I always start my ordination analysis with a detrended correspondence analysis (DCA). I’m interested in the length of the first axis of the DCA in standard deviation (SD) units, a measure of the amount of species turnover along the ecological gradient. An axis length of 4 SD would give almost complete turnover of species (think of a normal distribution, four standard deviations goes from one side to the other).

This axis length helps me choose an appropriate ordination method for further analyses.

library(vegan) library(rioja) data(RLGH)#load Round Loch of Glenhead data zdca <- decorana(sqrt(fos)) rdca <- decorana(sqrt(RLGH$spec)) keep <- colSums(spp > 0) >= 3 cdca <- decorana(sqrt(spp[, keep]))#training set

The length of the first axis of the Round Loch of Glenhead diatom stratigtaphy is 0.68 SD. This short axis length is typical for a core. The length of the first axis of the Żabińskie chironomid stratigraphy is 3.13 SD. This is remarkably long. By comparison, the first axis length of the chironomid training set is 3.23 SD. So although the temperature range spanned by the training set (3 – 27.5°C), is more than three times larger than the 20^{th} century temperature range at Żabińskie (12.9 – 20.7°C estimated from the reconstructions), and the training set covers a diverse range of lake depths and other ecologically important environmental variables, the first axis lengths are practically the same. This, like so much with the Żabińskie record, is remarkable.

### Unconstrained ordination

The first axis of an ordination is always the most important one. We can visualise how much more important than the other axes it is with a screeplot.

library(ggplot2) g1 <- ggscreeplot(rda(sqrt(RLGH$spec)), bstick = FALSE, title = "Round Loch of Glenhead PCA") g2 <- ggscreeplot(cca(sqrt(spp[, keep])), bstick = FALSE, title = "Chironomid training set CA") g3 <- ggscreeplot(cca(sqrt(fos)), bstick = FALSE, title = "Żabińskie chironomids CA")

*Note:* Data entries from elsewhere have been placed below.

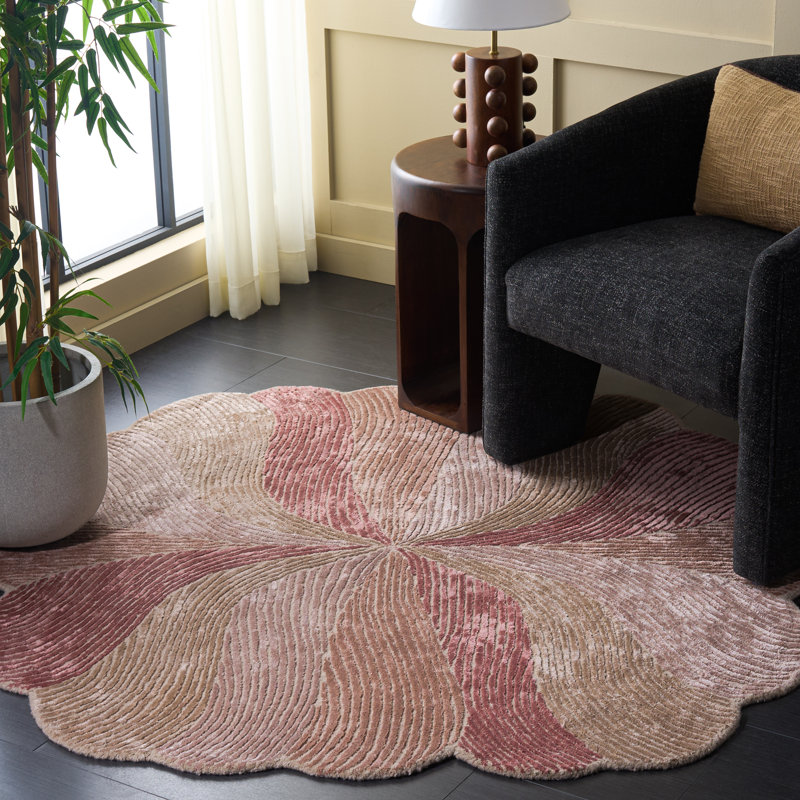 Tapis d'intérieur abstrait en laine, coton et laine touffetée à la main Fifth Avenue, Rond 5 pi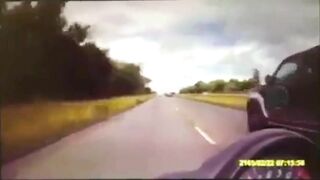 Motorcyclist Weaving In And Out Of Traffic Ends Up Breaking His Leg Due To The Pain
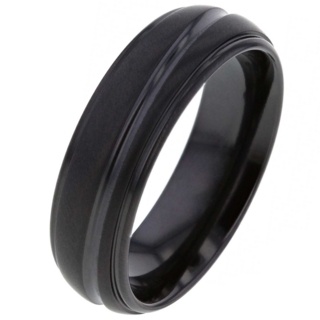 Black Zirconium Ring with Asymmetrical Groove 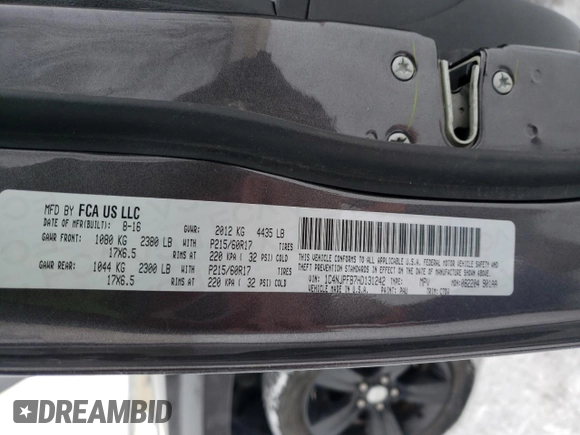 2017 Jeep Patriot Latitude with VIN 1C4NJPFB7HD131242, listed as a Copart auction lot 88113685 with 113,640 mi miles and Salvage Title. Bid and sale history available at DreamBid. Image 13.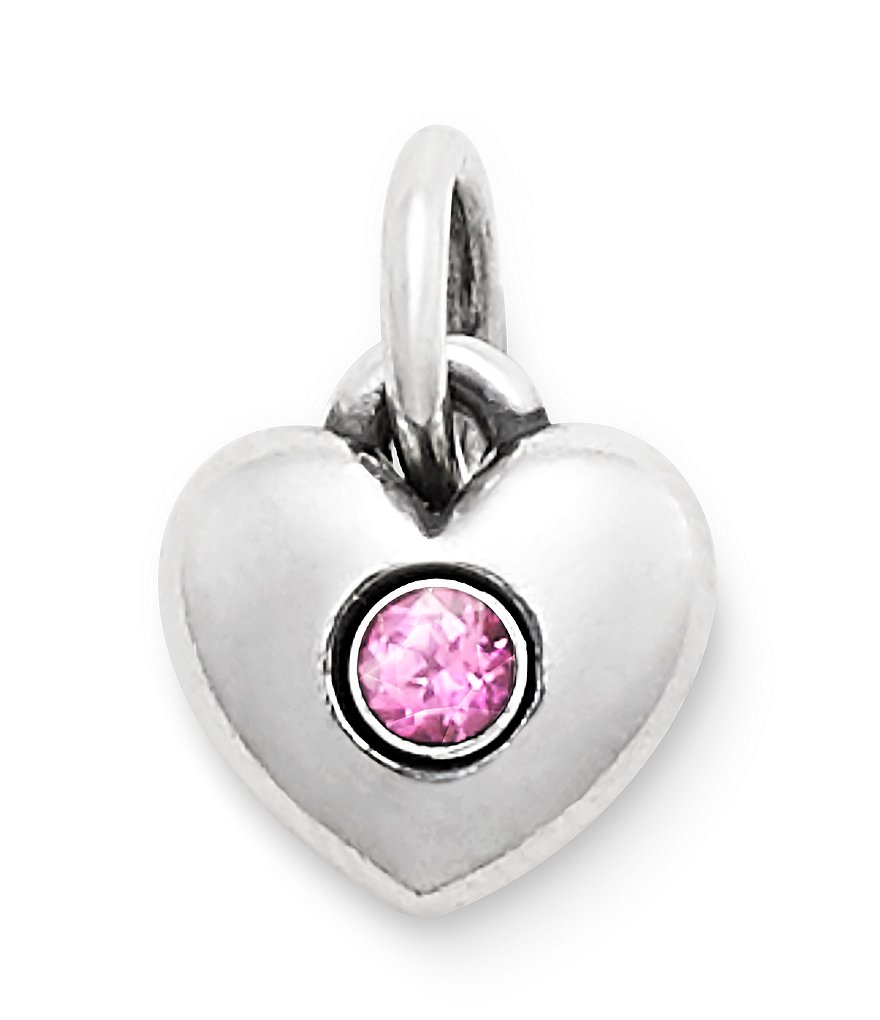 James Avery Keepsake Heart Charm October Birthstone with Lab-Created Pink Sapphire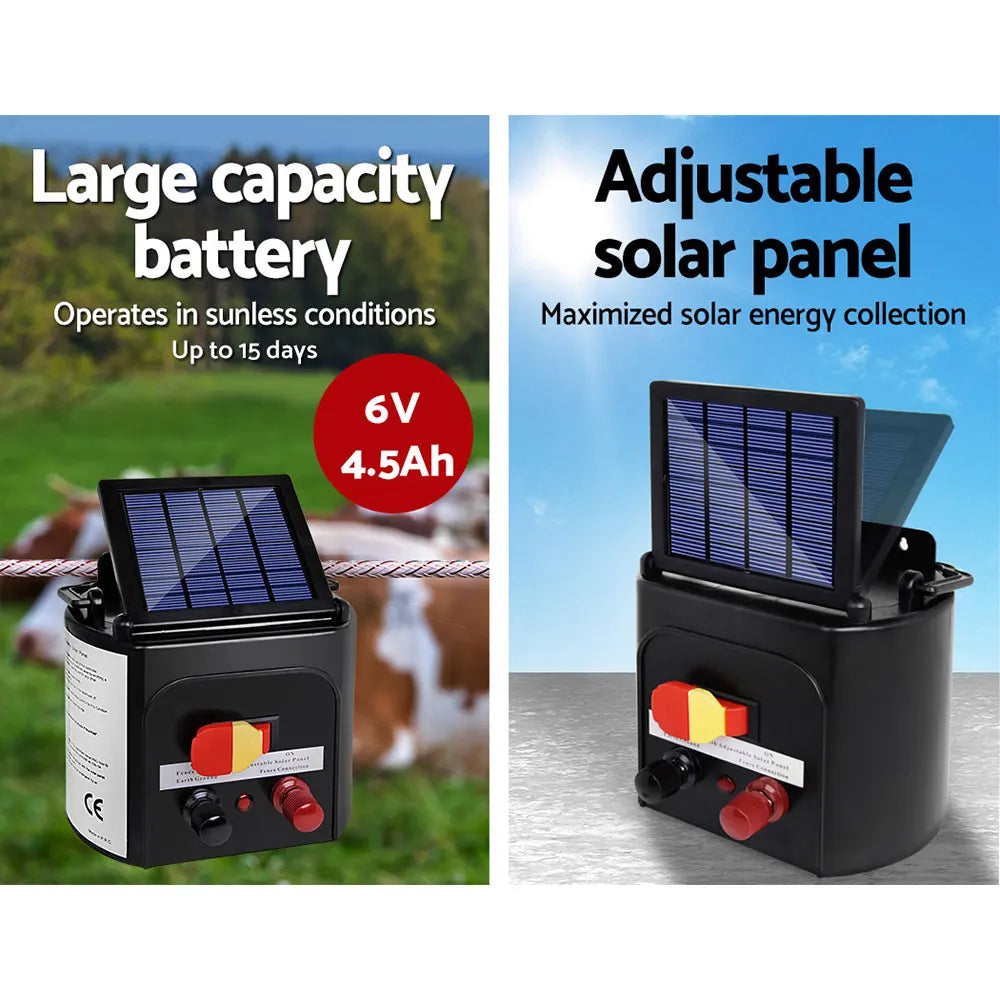 Giantz Fence Energiser 3KM Solar Powered 0.1J Electric Fencing Charger - Image 4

For the Round Loch of Glenhead, the first axis is very much more important than the remaining axes. The samples form a baguette-shaped cloud. This implies that a single environmental gradient (probably pH) is responsible for the changes in the diatom stratigraphy.

For the chironomid training set, the first axis is much more important than the second, which in turn is much more important than the third. The importance of the second axis is probably inflated by an arch effect (visible in a biplot of the ordination), a common artefact in correspondence analysis which could be corrected with a DCA. The samples form a croissant-shaped cloud. This shape implies that there is one main environmental gradient through the training set – almost certainly temperature or something highly correlated with temperature.

For the Żabińskie chrionomid record, the first axis is only slightly longer than the second, which is only slightly longer than the third. The samples form the shape of a slightly deflated football. This shape, together with the long DCA axis 1, would only be expected if 1) the chironomid community was being driven by multiple strong and uncorrelated environmental variables, or 2) the chironomid count sums are very small so there is lots of counting noise. In either case, a very poor temperature reconstruction would be expected. But yet the reconstruction is near-perfect. Remarkable.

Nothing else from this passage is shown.